HUBioDataLab

ProtGEN

TÜBİTAK-ARDEB 1001 Scientific and Technological Research Projects Support Program 2022

Modern de novo protein design encompasses structure/backbone generation or sequence design, reflecting that function emerges from the interplay of sequence and three-dimensional fold. In this project, we developed ProtGEN, a computational system for de novo design of single-domain proteins using data-driven generative modelling and deep neural networks. The system comprises four alternative generative models spanning different regimes: (i) a flow-matching structural-backbone designer that samples 3D scaffolds; (ii) an autoregressive transformer that writes amino-acid sequences conditioned on function; (iii) a GAN whose generator and discriminator are language models to refine given sequence constraints; and (iv) a state-space (Mamba) autoregressor that scales linearly with sequence length for long, information-selective generation. Candidate proteins are generated under functional conditioning and screened using structural priors and physicochemical filters. We completed the pipeline with post-processing analyses, using structure prediction and physics-based energy calculations.
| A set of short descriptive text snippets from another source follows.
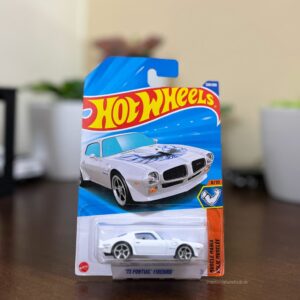 Hot Wheels ’73 Pontiac Firebird white Muscle Mania die-cast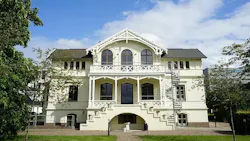 The Borgska Villan’s Specialist Dental Care clinic is located in Lund, Sweden, a charming city in Skåne County near the Öresund Strait, which separates Sweden from Denmark. Lund is renowned for its medieval architecture and vibrant cultural scene. The Borgska Villan’s Specialist Dental Care clinic is located in Lund, Sweden, a charming city in Skåne County near the Öresund Strait, which separates Sweden from Denmark. Lund is renowned for its medieval architecture and vibrant cultural scene.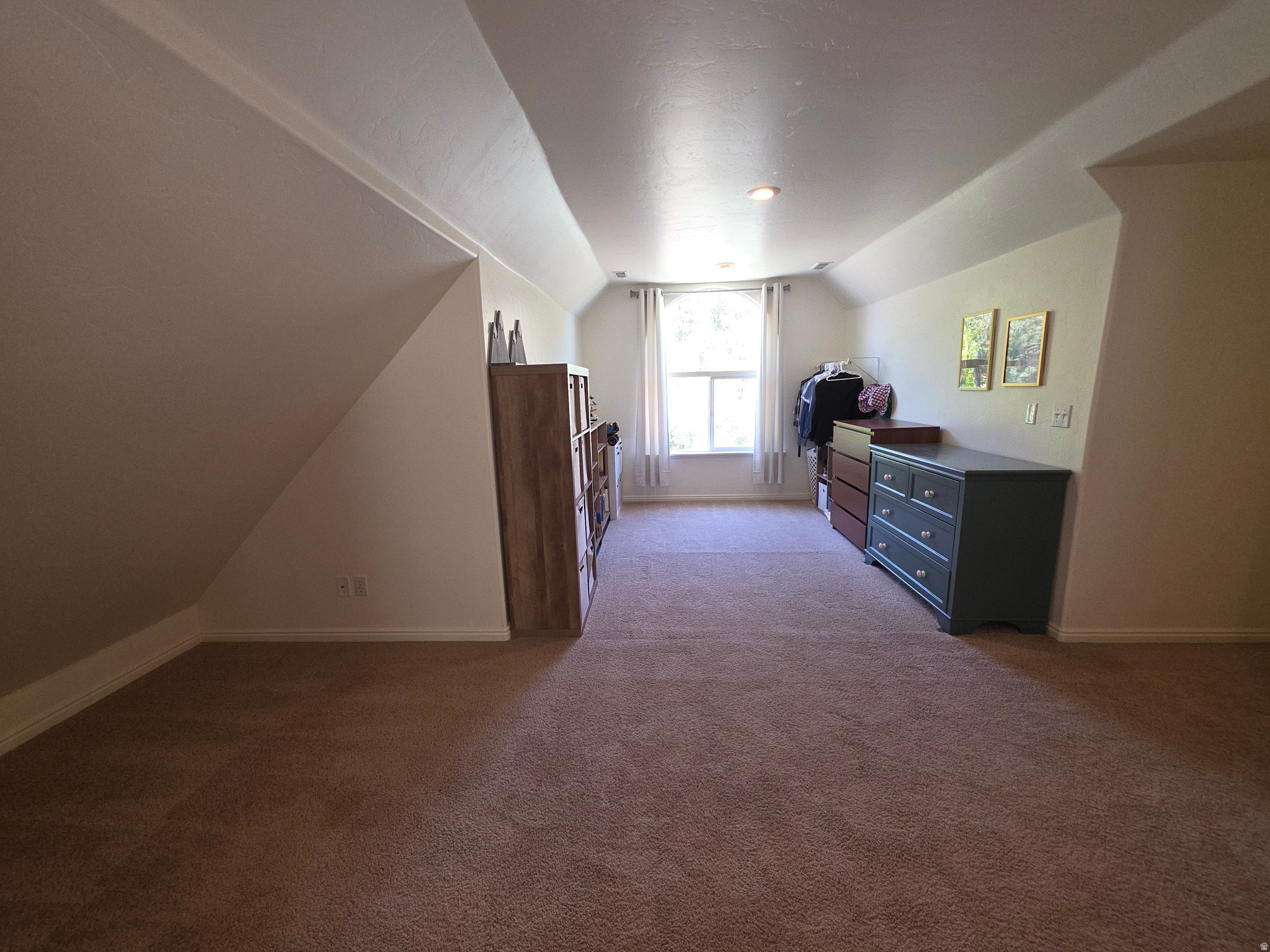SAUNDERS - Residential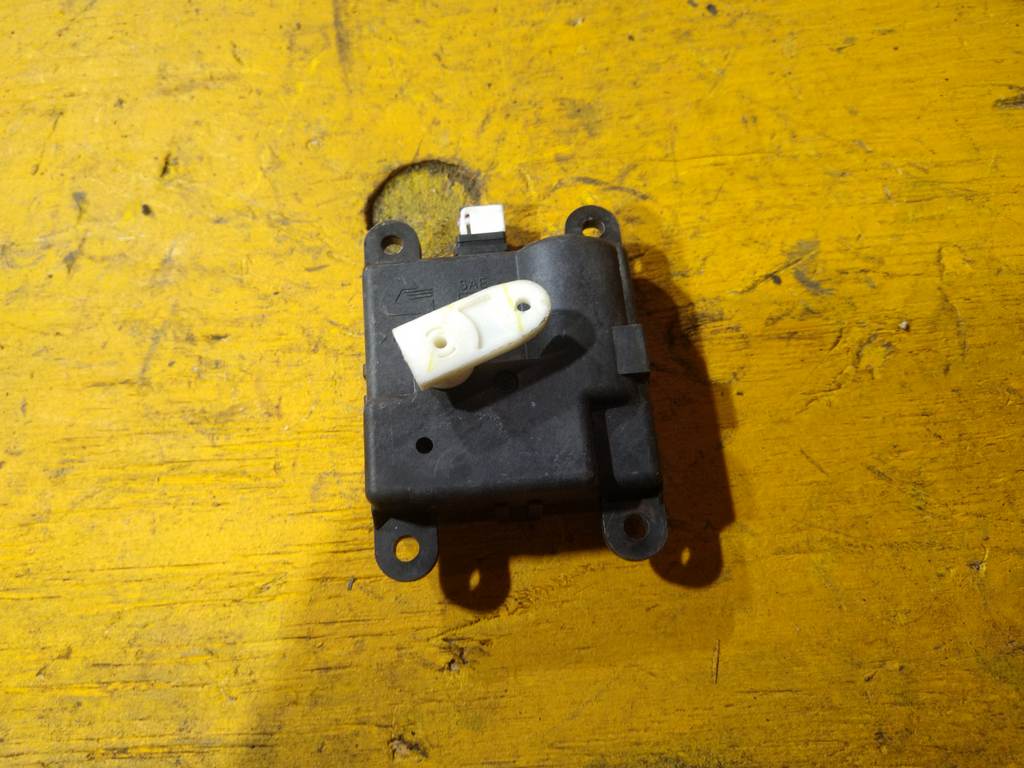 SERENA NC26 СЕРВОПРИВОД ЗАСЛОНОК ПЕЧКИ (2) Nissan Serena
We applied the framework to DNA methyltransferases (DNMT3A/3B) as a test case. Designed DNMT-like sequences exhibited favourable stability estimates and binding-energy profiles relative to natural DNMTs, supporting plausible active-site geometries and target engagement. The top candidates will be progressed to prospective prioritisation for synthesis and assay, as part of future studies. We plan to release a web service and command-line interface to enable community use for function-conditioned protein generation. This work establishes a practical, integrative pipeline for protein design that couples graph-native learning and language modelling with property-aware constraints, demonstrating its application to a therapeutically relevant enzyme family.